The input

▼▼▼

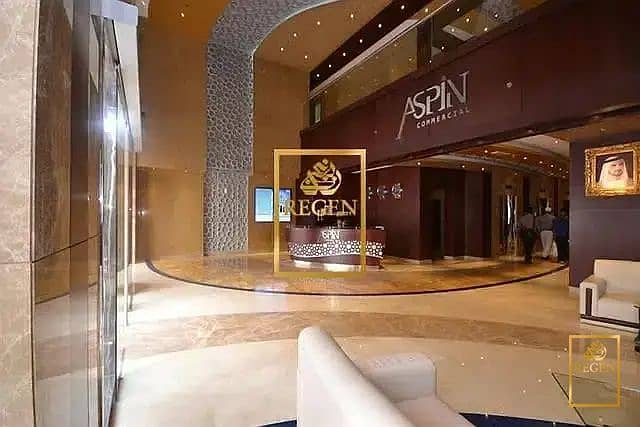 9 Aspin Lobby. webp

▲▲▲
▼▼▼

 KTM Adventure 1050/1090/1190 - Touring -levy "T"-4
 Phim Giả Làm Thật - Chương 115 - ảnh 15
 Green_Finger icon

▲▲▲

Exercise objective
The range runs from the line above containing "KTM Adventure 1050/1090/1190" to the line containing "Green_Finger icon", inclusive. Restate those lines word for word and no others.

Reply
 KTM Adventure 1050/1090/1190 - Touring -levy "T"-4
 Phim Giả Làm Thật - Chương 115 - ảnh 15
 Green_Finger icon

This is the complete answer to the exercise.